Abstract: PO1279
Ruptured Intracranial Aneurysm as the Initial Presentation of ADPKD in a Pediatric Patient
Session Information
- Cystic Kidney Disease - II
November 04, 2021 | Location: On-Demand, Virtual Only
Abstract Time: 10:00 AM - 12:00 PM
Category: Genetic Diseases of the Kidneys
- 1001 Genetic Diseases of the Kidneys: Cystic
Authors
- Chedid, Maroun, Mayo Clinic Minnesota, Rochester, Minnesota, United States
- Chebib, Fouad T., Mayo Clinic Minnesota, Rochester, Minnesota, United States
- Hanna, Christian, Mayo Clinic Minnesota, Rochester, Minnesota, United States
Introduction
Autosomal dominant polycystic kidney disease (ADPKD) is associated with multiple extra-renal manifestations, most notably intracranial aneurysms (ICA). Approximately 10% of ADPKD patients develop ICA during their lifetime. Subarachnoid hemorrhage (SAH) is a major complication of ICA and usually occurs during the end of the 3rd decade. Aneurysm rupture in children <18 years of age is extremely rare. We report a case of a 9-year-old boy presenting with symptomatic ICA rupture as the initial presentation of ADPKD, despite a negative family history of ICA.
Case Description
A 9-year-old boy presented to the emergency department with an abrupt onset of severe headache and lethargy after a fall. His family history was remarkable for ADPKD in his father and grandfather. None of his affected family members developed ICA or intracranial hemorrhage. Initial non-contrast computed tomography scan of the head showed frontal lobe hemorrhage. Additional imaging studies revealed a ruptured anterior communicating artery with SAH. Urgent aneurysm coiling was performed, his bleeding was controlled, and the patient survived.

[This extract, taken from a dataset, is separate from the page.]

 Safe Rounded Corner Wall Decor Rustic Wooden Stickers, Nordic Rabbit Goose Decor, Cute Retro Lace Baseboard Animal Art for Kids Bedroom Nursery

Due to his strong family history for ADPKD, a kidney ultrasound was performed and showed enlarged kidneys with multiple renal cysts bilaterally confirming the diagnosis of ADPKD. The patient’s father underwent a screening MRI of the brain at the age of 48 years and was negative for ICA.
Discussion
Our case of SAH due to ICA rupture as the initial presentation of ADPKD, in the absence of a positive family history of ICA or hemorrhage, has not been reported in children. Rare cases of subarachnoid hemorrhage in pediatric patients with ADPKD and a positive family history of ICA or hemorrhage have been described. Based upon available data, it is unclear if either widespread or targeted screening for intracranial aneurysms is beneficial for pediatric patients with ADPKD. Screening is reserved for patients with a family history of hemorrhage, migraine, stroke, patients undergoing major surgery, or patients with high-risk jobs. However, we do not screen children <18 years of age because of the extreme rarity of aneurysmal rupture at that age. Though extremely rare, primary care physicians and pediatricians should stay aware that ICA rupture occurs in children with ADPKD and can lead to devastating complications, even in the absence of positive family history.